Recently, Governor Scott Walker signed a new law making Wisconsin the 25th Right to Work state.  This means that workers cannot be forced to join a union or pay union dues as a condition of keeping their jobs.  Our Governor has not been enthusiastic about Right to Work legislation, despite strong evidence that Right to Work law has improved the economies of several neighboring states.

Union membership in the U.S. reached its peak in the years after passage of the “Wagner Act” (National Labor Relations Act) in 1935. This “progressive” legislation was deliberately crafted to put employers at a disadvantage vis-a-vis employees, and its creature, the National Labor Relations Board was empowered to interpret the law and define and police “unfair labor practices.”  Under these conditions, millions of workers were organized.  The AFL/CIO, empowered and emboldened, engaged in numerous disruptive strikes after the end of World War II, attempting to strengthen and make permanent the gains they had made during the war.  Their excesses led to executive action, by even the liberal Harry Truman, to seek injunctions to break crippling strikes in the coal and railroad industries. 

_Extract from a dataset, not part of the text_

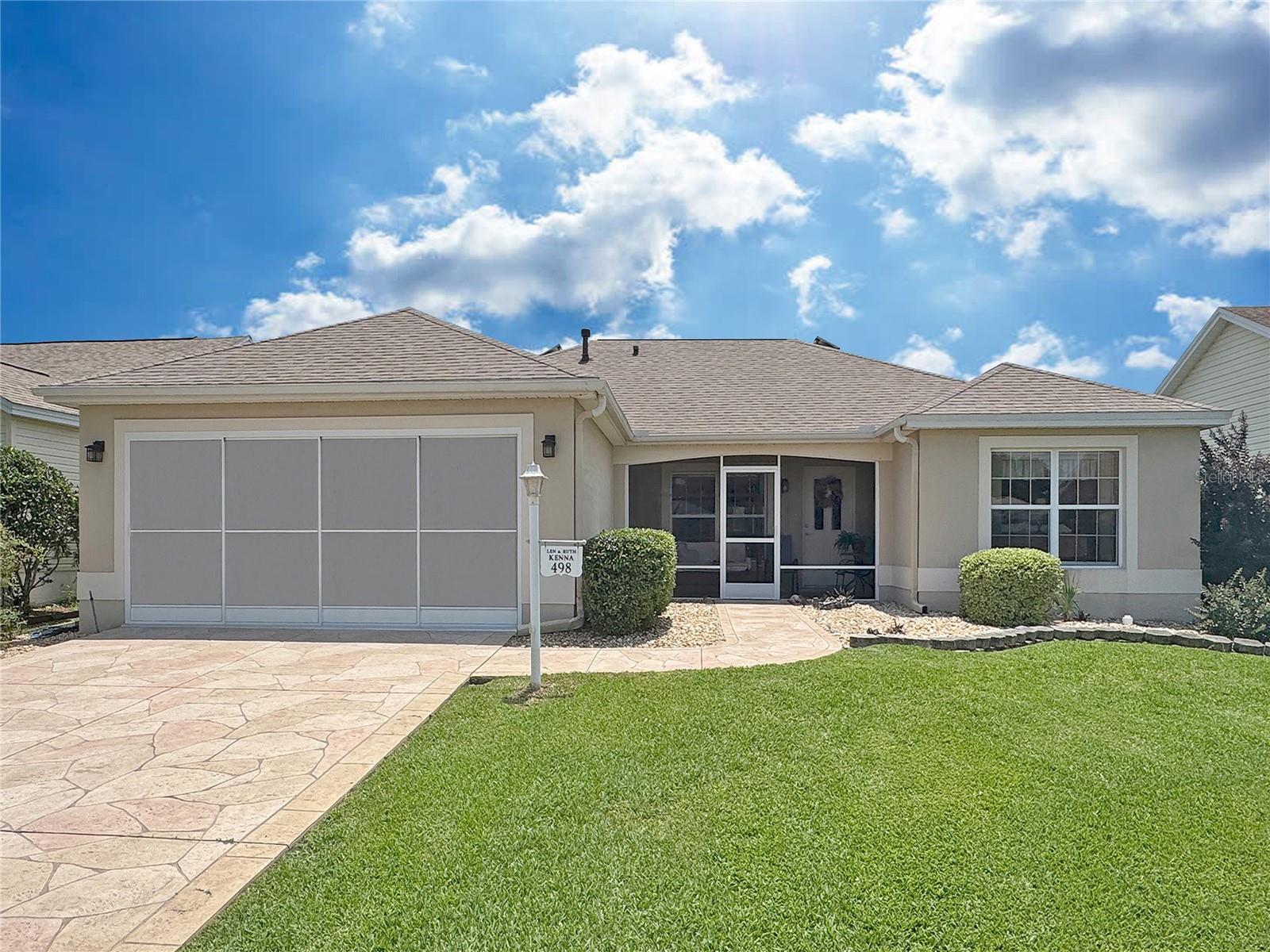 Single Family Residence in THE VILLAGES, FL - Daniel Dourado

Public reaction to these too-powerful unions led to a huge Republican wave in 1946, and passage of Taft-Hartley (the Labor-Management Relations Act) in 1947.  Taft-Hartley made it so workers could not be required to maintain membership in a union, though they could still be required to pay the portion of their union dues used for collective bargaining.  It also allowed states to abolish the requirement that workers join a union or pay any dues.  This “right to work” provision has been vilified by unions who complain that it allows nonunion workers a “free ride.” 

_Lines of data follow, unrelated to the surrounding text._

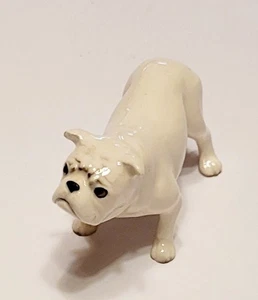 Statuina in miniatura Hagen-Renaker Bulldog inglese bianco in piedi - Foto 1 di 6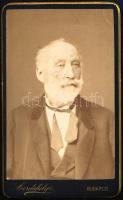cca 1885 Idős férfi portréja, keményhátú fotó Szerdahelyi budapesti műterméből, 10,5×6,5 cm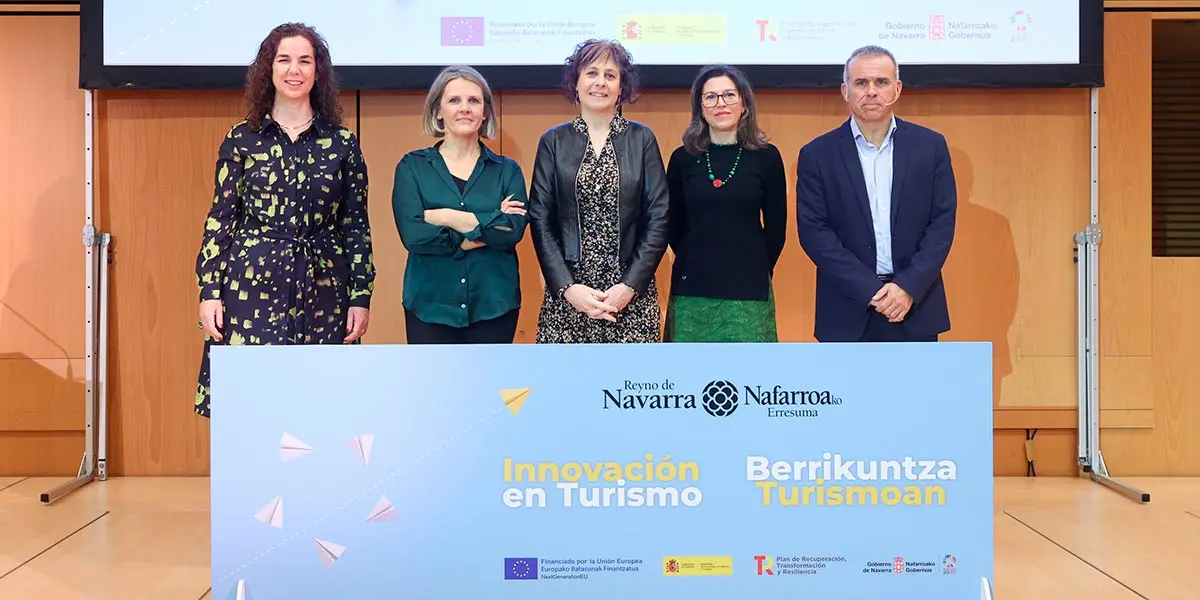 Natalia Zapata, Pilar Telletxea, Rebeca Esnaola, Ana Rivas y Alberto Ecay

Today, about one third of public employees and less than 7% of private sector employees belong to unions.  Clearly, the unions have not convinced the majority that they offer good value for the price. Public unions survive mainly because the employees are smart enough to realize that, being funded with a seemingly unending stream of taxpayer dollars, their pay is high enough to make union dues relatively trivial.  That, along with the fact that public union dues fund political causes that not all members like, is part of another set of problems that deserve a second column.  Passage of Right to Work legislation in Ohio would force unions in the private sector to do a reset, making themselves attractive to their consumers, or die a natural death.